At-home learning Zooms along for some teachers, students
Teachers and students alike are using Zoom and other services to communicate online.
With the cancellation of on-grounds classes at schools across the state, teachers and students have adapted to the change. This includes using online services to imitate meeting in the classroom.
John Shannon, a Brookhaven native and student at the University of Southern Mississippi, has taken online classes before. He isn’t enjoying the change.
“It’s not easy,” Shannon said. “I like going to school and seeing my friends.”
Shannon is an audio production major, and he says his classwork has become more difficult due to the fact that he doesn’t have the equipment at home that is normally used for his program.
“I’m not in normal classes, so it’s hard to do my classes online,” Shannon said. “The equipment is expensive, not everyone has it.”
Shannon says that some of his classes are using Zoom, an online service that enables users to video chat in groups.
“We can’t really do projects we were supposed to do in class or get any experience,” Shannon said.
For the other classes that don’t use Zoom, teachers post lectures online as videos.
Another struggle Shannon and other students are facing is having a teacher who isn’t familiar with teaching class online.
The biggest issue for students across the state is access to high speed internet. For students who have been forced to leave their residence halls on campus and move back home, Internet is hard to come by.
“And not everyone has Wi-Fi,” Shannon said.
Brookhaven resident Erica Kent teaches ninth grade biology at Terry High School. She has been meeting with each of her classes for 30 minutes each day on Zoom.
Kent has never taught online and seems to enjoy it so far. One benefit of the software is that it allows her to see her students face-to-face.
“This is the first time I’ve ever had to use Zoom for my classes,” Kent said. “We actually get to see our kids.”
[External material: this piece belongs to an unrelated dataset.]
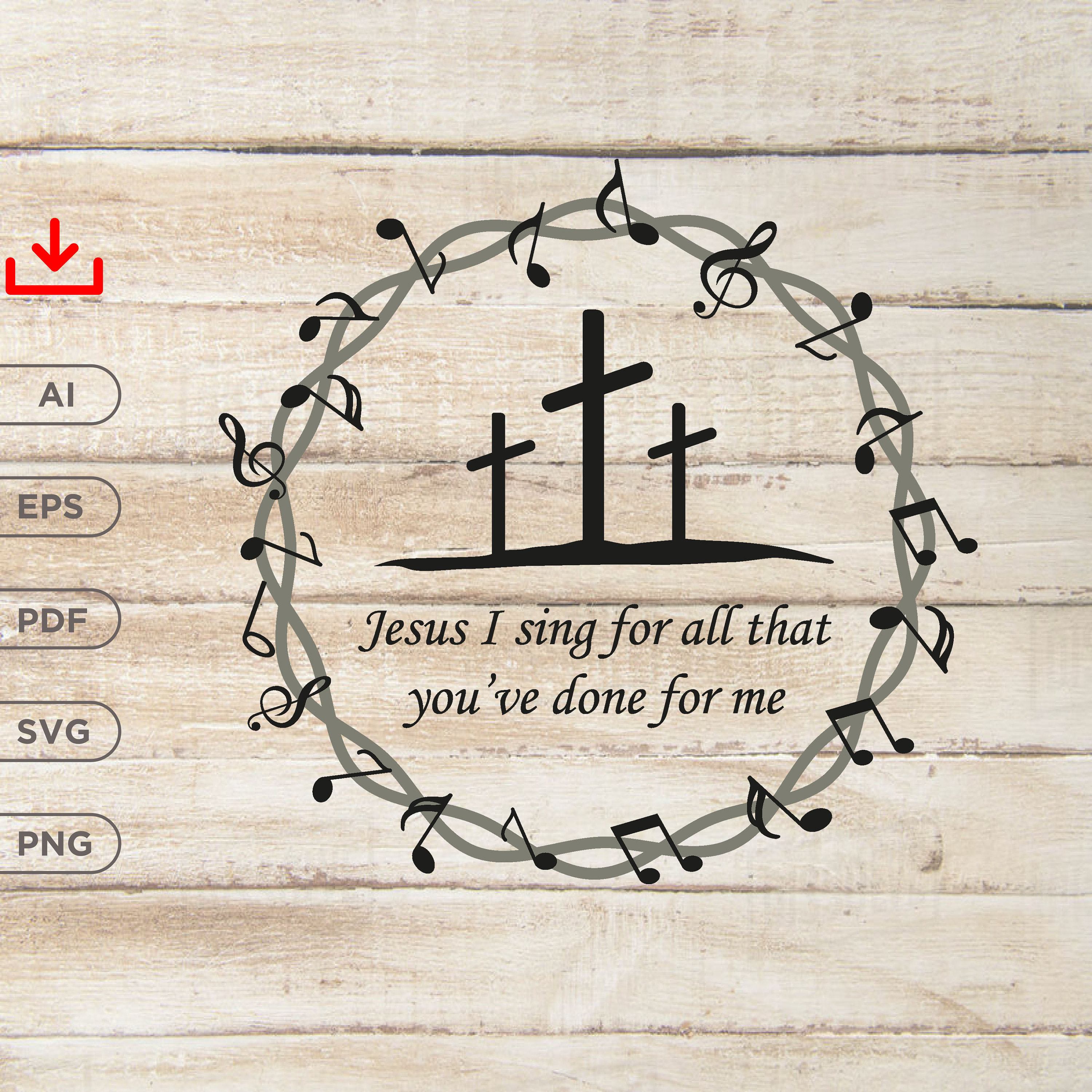 Jesus I Sing SVG and PNG Christian Jesus Cross With Music Notes Print ...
While there’s the benefit of having to face-to-face interaction, there are challenges that come with it. Many students don’t have the technology needed to participate.
“The students that need the interaction may not have access to the technology or the internet,” Kent said. “The very ones that need it can’t get it.”
Another challenge is that teachers are adapting to online school just like students are. Kent says it’s been a lot of trial and error.
“It’s been a struggle to figure it out,” Kent said. “It’s just a lot at one time, and we aren’t experts.”